Sunday, November 05, 2006

Don't Panic

After four days off to give the left adductor a break, Friday, 7 miles, Longfellow-Charles-Smoots double loop+, average 6:42 pace or so. Sunday, 10 miles, 6:45 average pace, splits: 6:35, 6:44, 6:37, 6:40, 6:42, 6:40, 6:48, 6:57, 7:12 (hill), 6:30. I think the time off was well worth it, adductor seems mostly okay.



Finished The Hitchhiker's Guide to the Galaxy, great stuff. And then went out and rented the DVD, released posthumously after Adams' untimely unexistence. This may be blasphony to die hard Adams fans, but I rather liked the movie, my kids did too, in fact I liked it quite a lot. And in some ways more than the book even. I didn't expect it to be this good.

It was fun, and funny, imaginative, delightful, and wonderous, and quite true to the spirit of the book, and adaptive to the medium. Much bad sentiment toward it from Adams fans, judging from Amazon feedback. But it smacked to me of, how do I put this, fan elitism, how so often hard core fans of famous musical artists pan their later stuff, after it becomes popular; the early stuff before it was popular is always the best, e.g. Bob Dylan, The Beatles, Elliot Smith. Maybe some truth, maybe not, but it usually smells of dogma to me.

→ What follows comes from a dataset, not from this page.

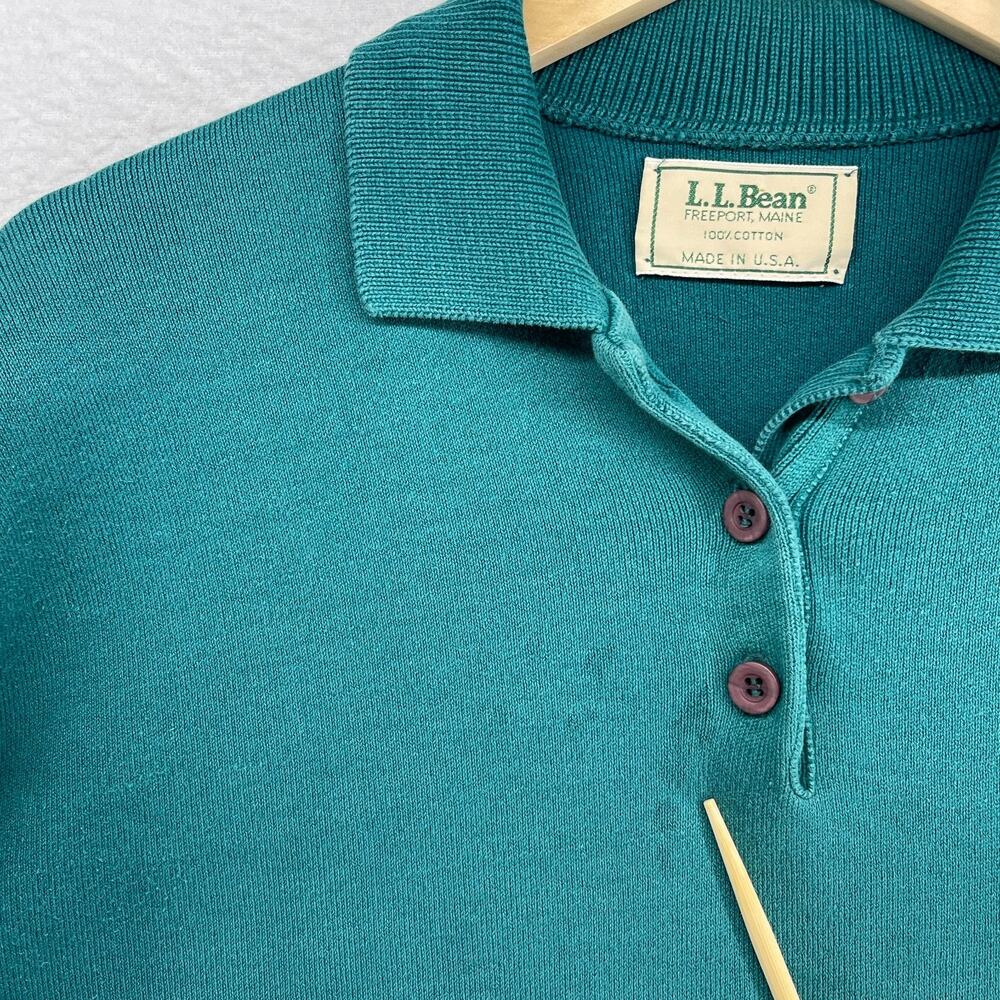 LL BEAN Sweater Womens M Polo Jumper Long Sleeve Pullover Cotton Green VTG USA - Picture 10 of 11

The kids loved it, some favorite parts were, well, right off that bat, the "So long and thanks for all the fish" opening, they thought that was just a riot, and Marvin, the Paranoid Android (is this the origin of the title for the Radiohead song?), they just took an instant liking to the maniacally depressive robot, and the whale spontaneously incarnated into existence by the Infinite Improbability Drive, contemplating its own brief existence while hurling toward Magrathea - what's happening .. why am I here ... what is my purpose in life ... this is really exciting ... what's this thing suddenly coming toward me very fast ... ground! ... I wonder if it will be friends with me. Thud!

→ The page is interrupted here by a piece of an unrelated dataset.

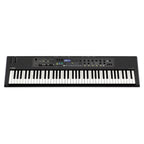 Yamaha CK76 stage piano with black keyboard and control panel, front view of Yamaha stage and performance keyboard.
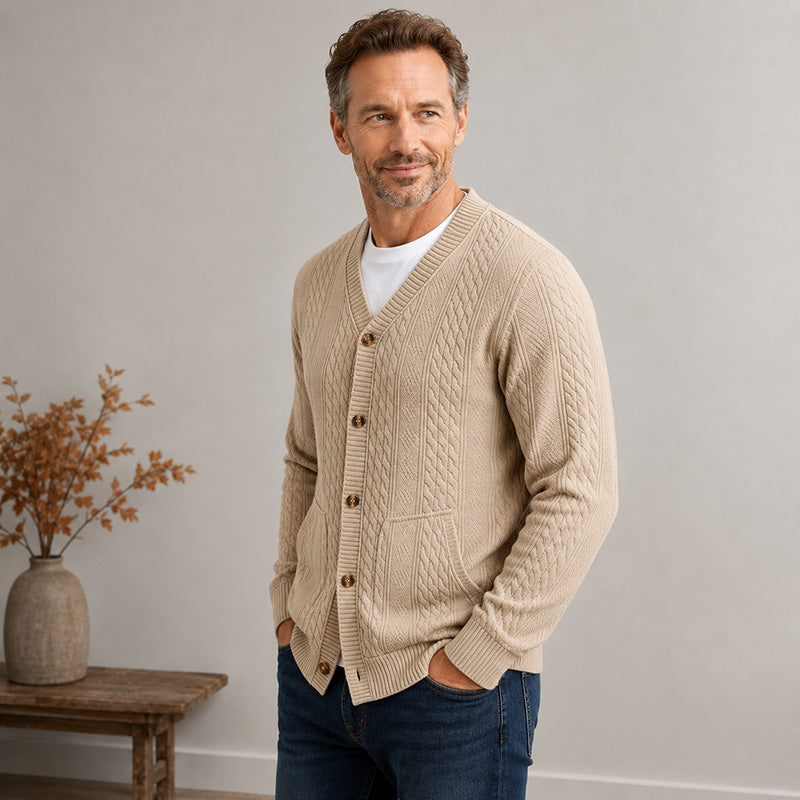 Men's Textured Jacquard V-Neck Cardigan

That pretty much sums out our lot, doesn't it. Deep. Reminds me of a scene from the movie 1985 Henry Jaglom film Always where Andre Gregory says something like (I wish I could find an exact quote), life is like a stone which you rub and rub and smooth and polish and mull over, and just about when you think you have the answer, BAM! you die! Hahaha.

Speaking of Radiohead, it seems like the phrase OK Computer was uttered more that once or twice in the book and the movie, is there a connection? Too tired to Google (God, I despise that verb.) Oh, and another possible Radiohead connection, the use of what I think is an obscure word — myxomatosis — in the book, the title of a song on Hail to the Thief.

2 Comments:

At 10:27 AM, Blogger robkroese said...

I liked the movie too. I didn't get the point of the whole John Malkovich bit, and I don't think Arthur in Trillian should have gotten together in the end, but other than that it was quite good. I've seen it twice and laughed a lot both times.

 
At 1:14 PM, Anonymous Anonymous said...

I liked the movie.

I think the Arthur and Trillian getting together is a great setup for the 4th book.

I think the reason people didn't like it was because it was different. Although Adam's had approved of some of the changes (like Arthur and Trilliam getting together), I have a hunch that the satire about religion was more blatant and it offended people.